Horty closed his eyes, and with all his mounting energy, he thought. What was the drug Monetre had used? One of the ’ocaines, surely—benzocaine, monocaine… He was conscious of approaching vertigo, the first hint of nausea. Which drug would yield just this effect, then demonstrate just this much toxicity? In the back of his mind, he saw the riffling pages of a drug dictionary.
Think!
A dozen drugs could have this effect. But Monetre would certainly choose one that would do all he wanted—and he wanted more than immobility. He wanted psychic stimulation with it.
Got it!
The old standby—cocaine hydrochloride. Antidote… epinephrine.
Now I’ve got to be a pharmacy, he thought grimly. Epinephrine…
Adrenalin! Close enough—and very easy to supply under the circumstances. He had only to open his eyes and look at the Maneater. His lips curled. The vertigo faded. His heart began to thump. He controlled it. He could feel his body going into a forced-draft condition. His feet began to tingle almost unbearably.
“You could be a heart failure case too,” the Maneater was saying pensively to Kay. “A little
curare…
no. The Judge is enough for one day.”
Watching Monetre’s back, Horty flexed his hands, pressed his elbows against his sides until his pectoral muscles crackled. He tried to rise, tried again. He all but collapsed, and then freedom and hate combined to accelerate the return of strength to his body. He rose, clenching his hands, trying not to breathe noisily.

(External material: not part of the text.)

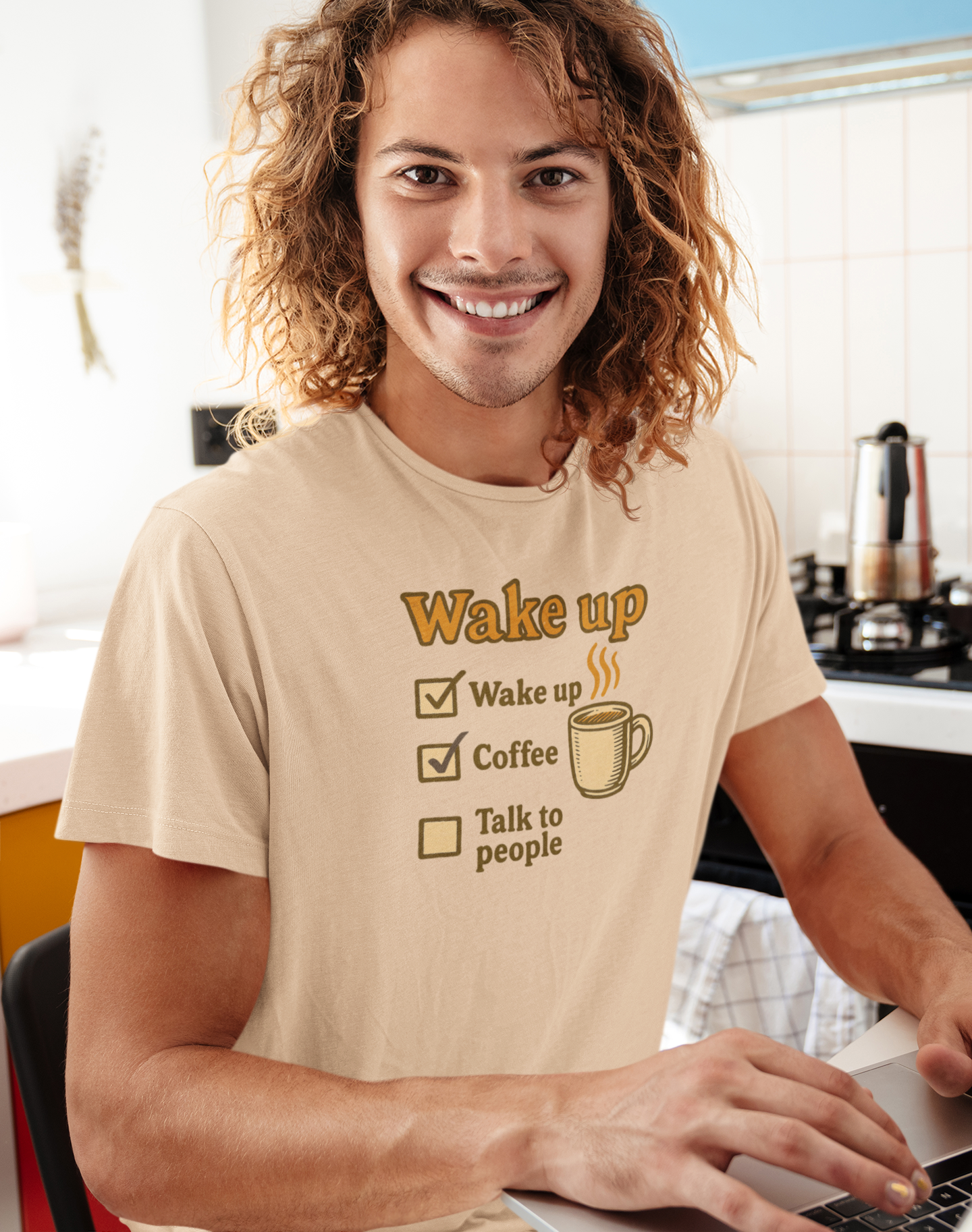 Wake Up Coffee T-Shirt | Morning Motivation Tee, Funny Coffee Lover Gift, Self-Care Quote Shirt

“Well, we’ll dispose of you in some way,” said the Maneater, returning to his desk, talking over his shoulder at the frightened girl. “And soon—
uh!”
He found himself face to face with Horty.
The Maneater’s hand crept out and closed around the jewels. “Don’t come one small half-inch nearer,” he rasped, “or I’ll smash these. You’ll slump together like a bag of rotten potatoes. Don’t move, now.”
“Is Zena really dead?”
“As a doornail, son. I’m sorry. I’m sorry that it was so quick, I mean. She deserved a more artistic treatment.
Don’t move!”
He held the crystals together in one hand, like walnuts about to be cracked. “Better go back and sit down where it’s comfortable.” Their eyes met, held. Once, twice, the Maneater sent Horty his barbed hate. Horty did not flinch. “Wonderful defense,” said the Maneater admiringly. “Now go and
sit
down!” His fingers tightened on the crystals.
Horty said, “I know a way to kill humans too.” He came forward.
The Maneater scuttled back. Horty rounded the desk and came on. “You asked for it!” panted the Maneater. He closed his bony hand. There was a faint, tinkling crackle.